2016 will be the big one for revisiting some fundamental assumptions about the purpose of agents’ work. The focus will be shifted from achieving desirable metrics to helping customers. The old measurements that choked employees and caused them to engage in some shady trickery will be replaced by scores that encourage them to help the caller. Customer satisfaction will be measured throughout the call to produce a clear picture of the call and show aspects of the call customers are satisfied or disappointed with.
“New technology. We are only as good as the tools we are given.”

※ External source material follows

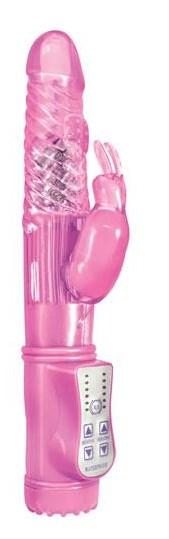 Energize Her Bunny 2 Rechargeable Dual Motors 36 Function 6 Rotation Modes Waterproof  Pink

This one goes beyond updating PCs running on Windows 95. It’s about embracing the tech such as cloud, omnichannel or speech analytics designed to free agents of the burden of confirming speaker’s identity, typing information into the system, tagging the call and rating it. Voice of the customer can be used in a number of processes: customer identification, agent matching, capturing anecdotal feedback, pinpointing sale opportunities, rating customer satisfaction (with product, company, agent, offers), trend prediction, preventing fraud and many more.
“Having an employee satisfaction measurement would tell you a LOT. You’re not going to have happy customers with unhappy employees.”
Tables are turning. As the demand for customer service starts to grow, so will the interest in keeping agents in their positions. Contact Centres specialists will become valued assets, worth competing for. This will lead to increased interest in their well-being. Voice of the employee will be measured as attentively as the voice of the customer. Tempting employee benefits and perks will become bait for loyalty.
“Scripts are fine as a guideline; that is all. Agents should have the option of speaking whichever way works for them, so long as it’s professional of course.”
Script compliance will become a mythical creature once companies take advantage of voice analysing algorithms that recognise identity, gender, age and emotional state within seconds. Real-time alerts will offer cues as to what style and lingo are the most appropriate in each particular case. Customer-agent matching will be a crucial task of analytic tools.
“Quality monitoring. It has to happen, it has to be fair, and the agent has to be told about it.”
The current system of random scoring of the calls by the supervisor will be replaced by fully automated, 100% monitoring. Conversation solutions designed to recognise and understand words, context, sentiment and emotion will be able to give a full scope of each agent’s performance, allowing for a transparent, comprehensive, unbiased and fair assessment.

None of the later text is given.